Heidelberg Catechism Series, Part 8

Question: What does the law require of us?

Answer: Christ teaches us this in summary in Matthew 22 -

Love the Lord your God
with all your heart
and with all your soul
and with all your mind
and with all your strength.

This is the first and greatest commandment. (Deut. 6:5)

And the second is like it:

Love your neighbor as yourself. (Lev. 19:18)

All the Law and the Prophets hang
on these two commandments.

In John 13:34 Jesus says, "A new commandment I give to you, that you love one another, even as I have loved you, that you also love one another." The first and obvious observation is that there are not ten commandments given us in God's Word, but at least eleven. For here, Jesus says rather plainly that He is giving us a "new commandment." This passage in John reminds us that love is not simply an action, but a state of mind. Surely we are to love one another, and behave accordingly, but it is more than the outward show of doing. There is an internal aspect of love that becomes part of us. We go as far in our loving one another, that we strive to love our neighbor, even as we love ourselves.

In this passage of Scripture (Mathew 22:37-40) rendered here in the catechism in Question 4, we see that Christ reduces the Law of God to love. It seems rather an oversimplification, but does this not strike at the heart of the matter? He is saying that we fulfill the Law of God, when we properly love God and our neighbor. Many have noted that the ten commandments given in Exodus 20 seem to be divided into two categories. The first four seem concerned with our relationship with God, and the six remaining concern our relations one to another. This does seem to be the obvious division, and what Christ does here (also in Mark 12:28-31 and Luke 10:25-28), is to give us a recap of the information given to us in the Law of God, and the teachings of the Prophets.

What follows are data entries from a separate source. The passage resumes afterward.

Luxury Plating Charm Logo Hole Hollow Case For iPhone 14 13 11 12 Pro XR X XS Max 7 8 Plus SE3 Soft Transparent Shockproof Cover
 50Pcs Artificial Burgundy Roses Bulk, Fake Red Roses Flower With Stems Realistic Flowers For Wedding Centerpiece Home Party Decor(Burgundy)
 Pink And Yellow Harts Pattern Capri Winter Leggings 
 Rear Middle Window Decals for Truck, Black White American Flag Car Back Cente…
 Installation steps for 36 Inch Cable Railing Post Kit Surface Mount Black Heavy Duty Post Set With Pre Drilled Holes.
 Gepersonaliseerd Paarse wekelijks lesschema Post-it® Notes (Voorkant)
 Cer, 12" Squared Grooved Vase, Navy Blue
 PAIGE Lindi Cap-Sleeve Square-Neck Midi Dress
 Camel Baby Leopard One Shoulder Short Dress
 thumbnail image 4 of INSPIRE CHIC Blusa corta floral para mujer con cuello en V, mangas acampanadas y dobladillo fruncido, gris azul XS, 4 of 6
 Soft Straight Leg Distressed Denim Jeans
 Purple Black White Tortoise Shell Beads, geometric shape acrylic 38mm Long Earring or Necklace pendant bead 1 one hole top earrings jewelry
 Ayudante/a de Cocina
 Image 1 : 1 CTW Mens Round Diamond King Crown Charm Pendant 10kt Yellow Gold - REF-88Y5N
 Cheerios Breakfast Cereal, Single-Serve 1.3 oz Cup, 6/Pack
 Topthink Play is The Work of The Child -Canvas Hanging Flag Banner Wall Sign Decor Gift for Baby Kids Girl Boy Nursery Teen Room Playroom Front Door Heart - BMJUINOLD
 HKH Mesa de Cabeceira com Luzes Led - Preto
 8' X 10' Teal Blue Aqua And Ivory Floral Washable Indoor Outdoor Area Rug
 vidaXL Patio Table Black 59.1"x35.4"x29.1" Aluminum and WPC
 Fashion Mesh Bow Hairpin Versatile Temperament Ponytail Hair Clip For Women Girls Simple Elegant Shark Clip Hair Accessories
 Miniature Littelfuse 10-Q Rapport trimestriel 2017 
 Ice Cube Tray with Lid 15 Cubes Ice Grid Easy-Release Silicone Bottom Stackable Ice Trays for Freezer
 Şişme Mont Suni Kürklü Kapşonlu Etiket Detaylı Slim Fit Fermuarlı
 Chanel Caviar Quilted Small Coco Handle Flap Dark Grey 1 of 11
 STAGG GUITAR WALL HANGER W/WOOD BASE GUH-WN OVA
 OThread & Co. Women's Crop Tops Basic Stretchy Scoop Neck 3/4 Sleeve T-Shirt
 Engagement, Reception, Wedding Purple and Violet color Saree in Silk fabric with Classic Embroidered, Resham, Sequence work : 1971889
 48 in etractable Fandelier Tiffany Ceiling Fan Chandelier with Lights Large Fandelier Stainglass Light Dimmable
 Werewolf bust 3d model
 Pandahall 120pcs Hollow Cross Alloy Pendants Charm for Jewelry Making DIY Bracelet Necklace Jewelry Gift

God is love, and without falling into an unhelpful neo-orthodox understanding of love as the chief end of Christ's life, we still know by experience and faith that God is a God of love. His love was such that He gave up His glory and was made (incarnate) in the likeness of sinful man. His love is so great, that He gave up His life to atone for our sin. It is this love, it is this love that shatters all comprehension, with which we are loved by God. It is only when we have experienced personally this love in our lives, that we can in turn love our neighbor. We love because He first loved us. Our love to God, our love to our neighbor are but reflex responses to the love of God usward. Do you love your neighbor? My friend, if you do, you only do because of the matchless love you have known and experienced in Christ. You cannot love meaningfully, unless you know the God of love.